Reproduce the material below only from the line with "DEWALT - Embouts 25 mm T15 DEWALT" to the line with "09-13 Porsche 911", both included, keeping each line exact and dropping the pictures.

*** Opening Supplied information ***

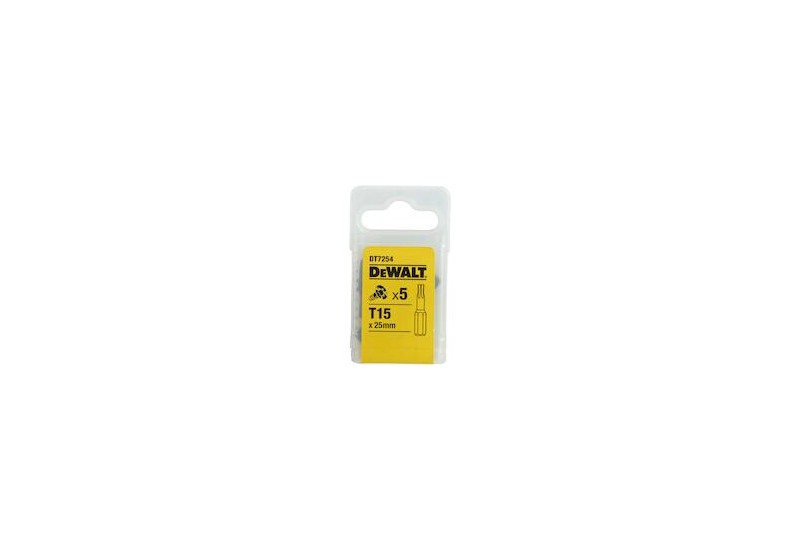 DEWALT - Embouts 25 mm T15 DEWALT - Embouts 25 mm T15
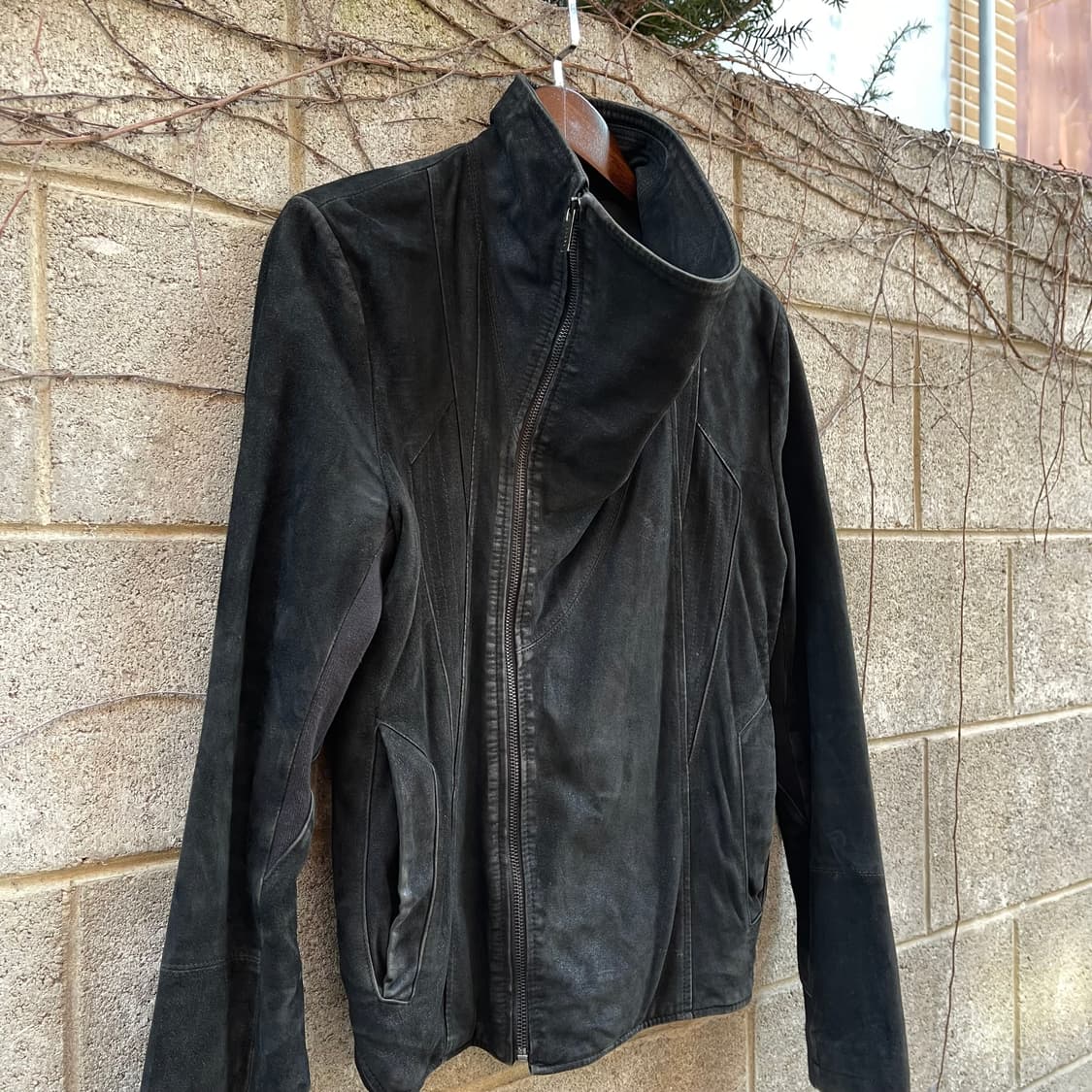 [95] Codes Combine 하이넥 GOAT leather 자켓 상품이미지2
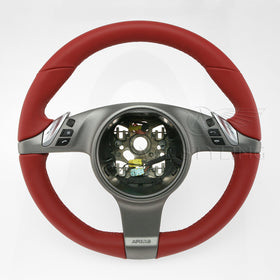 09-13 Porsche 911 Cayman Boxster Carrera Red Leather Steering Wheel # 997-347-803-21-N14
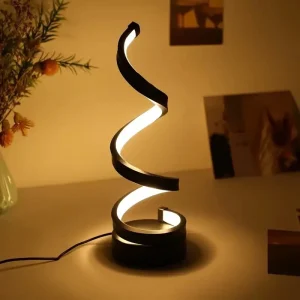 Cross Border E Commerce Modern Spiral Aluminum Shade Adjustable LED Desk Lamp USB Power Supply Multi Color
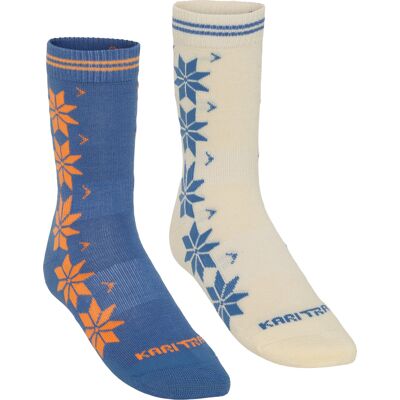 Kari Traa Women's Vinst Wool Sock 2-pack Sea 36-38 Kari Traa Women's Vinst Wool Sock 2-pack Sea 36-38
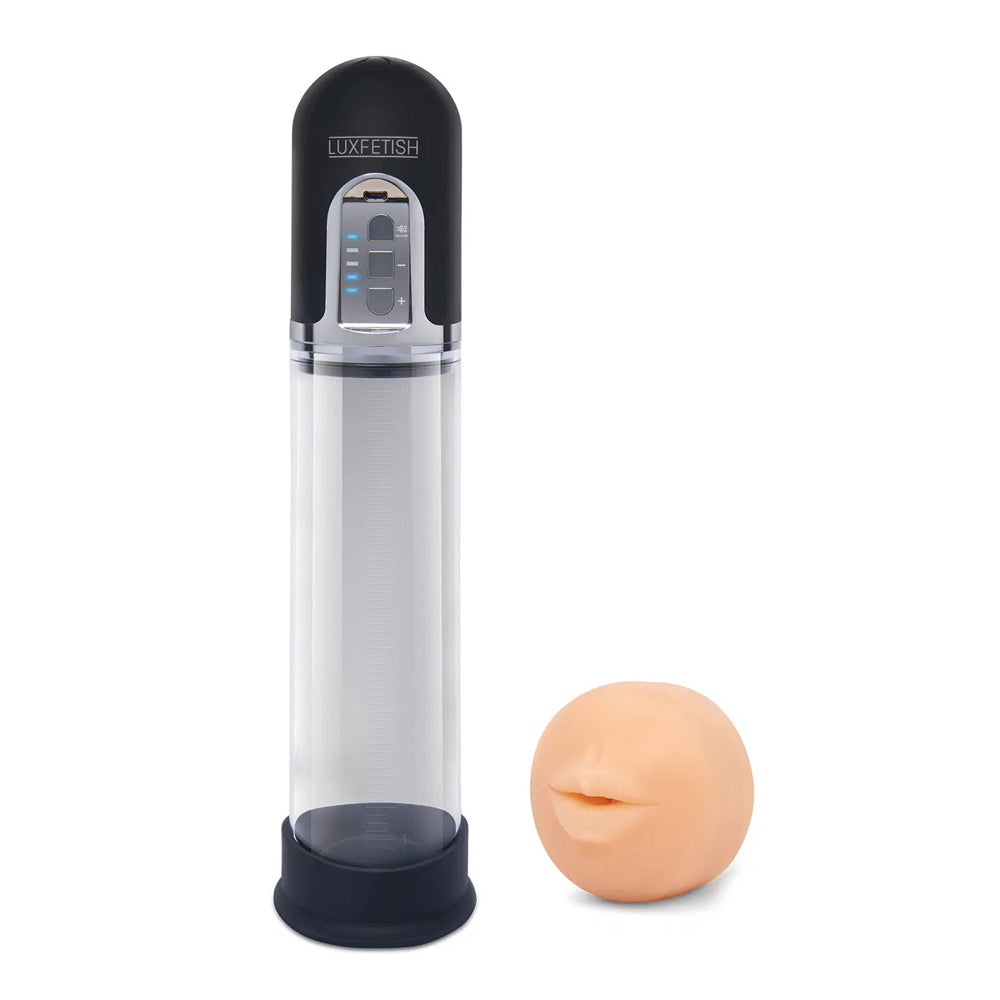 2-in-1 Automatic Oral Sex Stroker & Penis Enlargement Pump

*** Closing Supplied information ***
*** Opening Supplied information ***

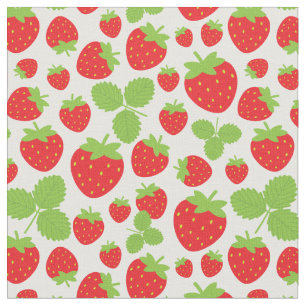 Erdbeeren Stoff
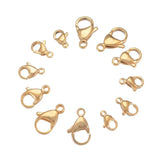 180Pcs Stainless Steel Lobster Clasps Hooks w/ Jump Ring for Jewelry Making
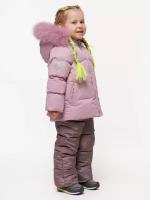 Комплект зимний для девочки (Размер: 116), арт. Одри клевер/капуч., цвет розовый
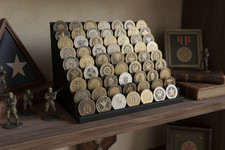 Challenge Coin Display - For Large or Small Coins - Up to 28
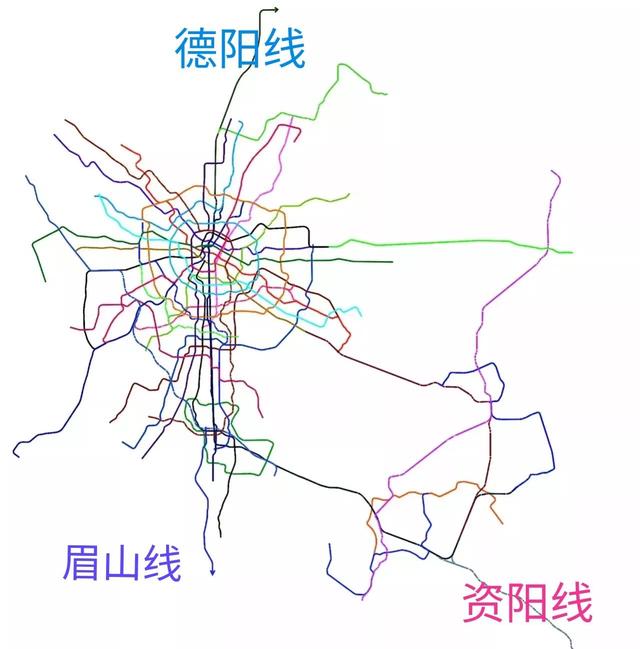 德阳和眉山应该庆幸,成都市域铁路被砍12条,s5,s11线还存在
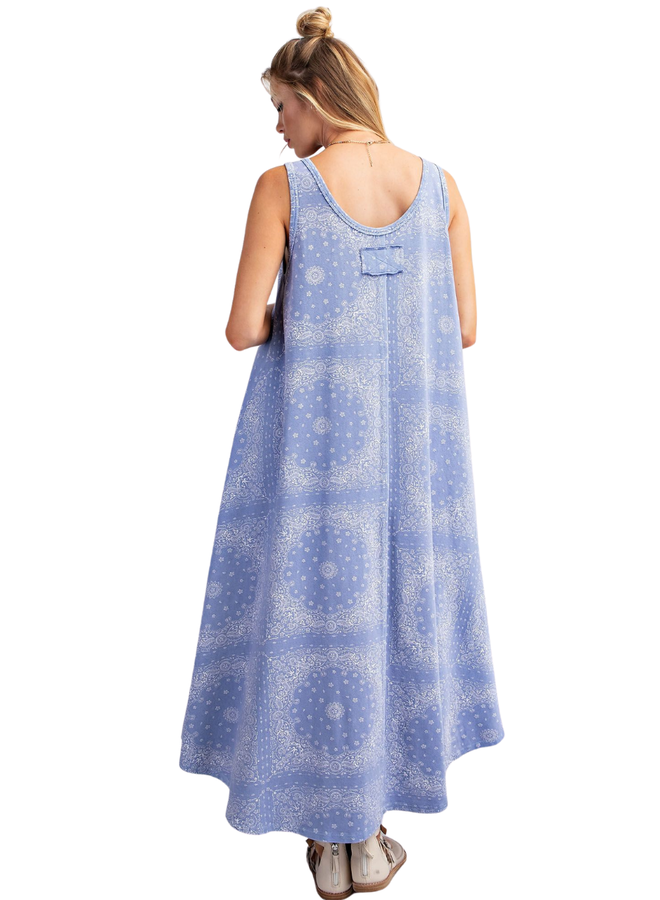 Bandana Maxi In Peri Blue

*** Closing Supplied information ***
*** Opening Supplied information ***

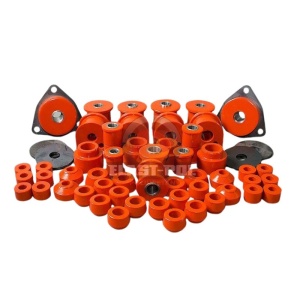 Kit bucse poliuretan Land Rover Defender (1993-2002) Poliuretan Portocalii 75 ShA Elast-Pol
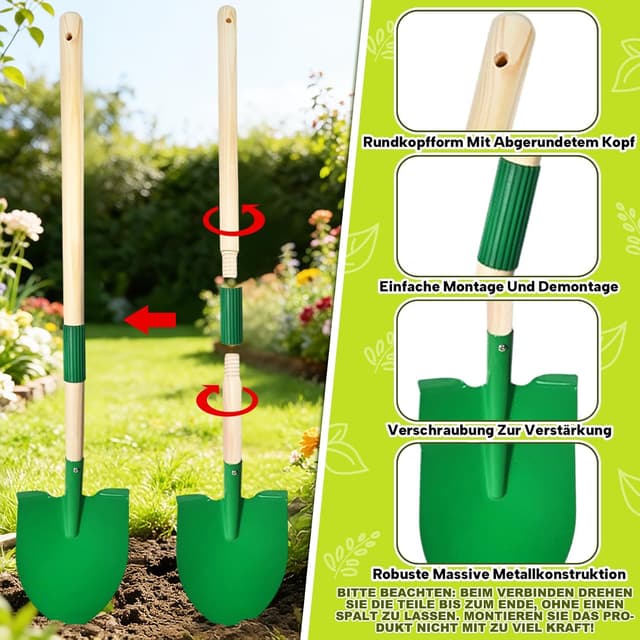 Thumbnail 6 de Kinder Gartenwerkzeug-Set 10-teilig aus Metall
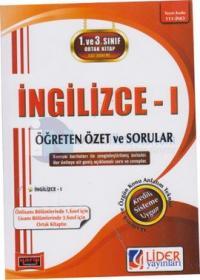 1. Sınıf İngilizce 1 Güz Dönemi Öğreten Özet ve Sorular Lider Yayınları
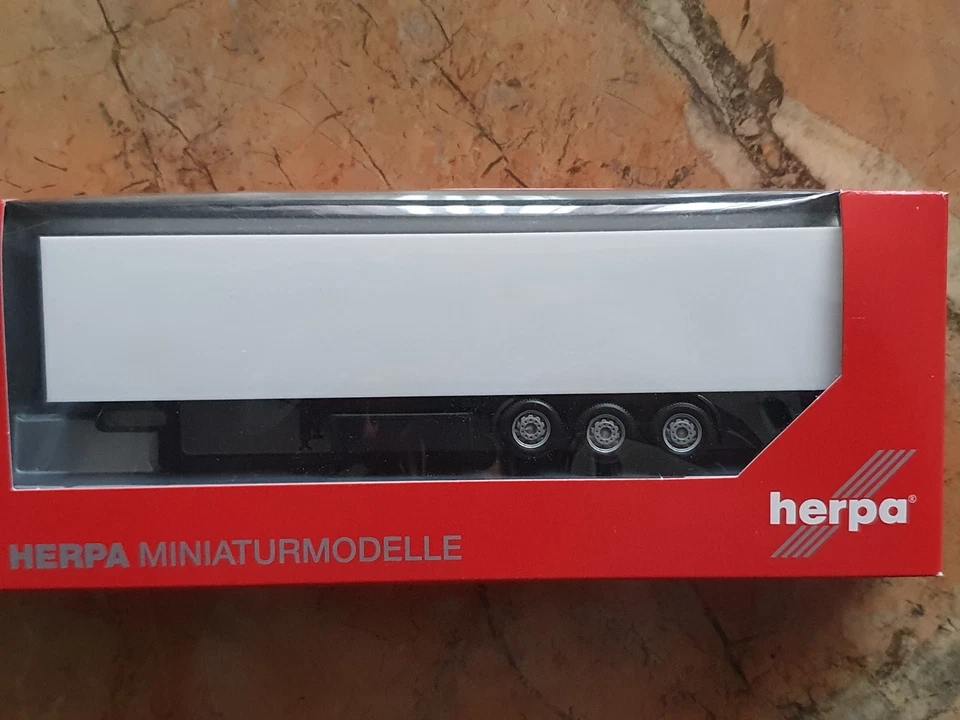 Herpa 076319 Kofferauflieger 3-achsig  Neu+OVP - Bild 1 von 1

*** Closing Supplied information ***

* [Answer to this task]
 DEWALT - Embouts 25 mm T15 DEWALT - Embouts 25 mm T15
 [95] Codes Combine 하이넥 GOAT leather 자켓 상품이미지2
 09-13 Porsche 911 Cayman Boxster Carrera Red Leather Steering Wheel # 997-347-803-21-N14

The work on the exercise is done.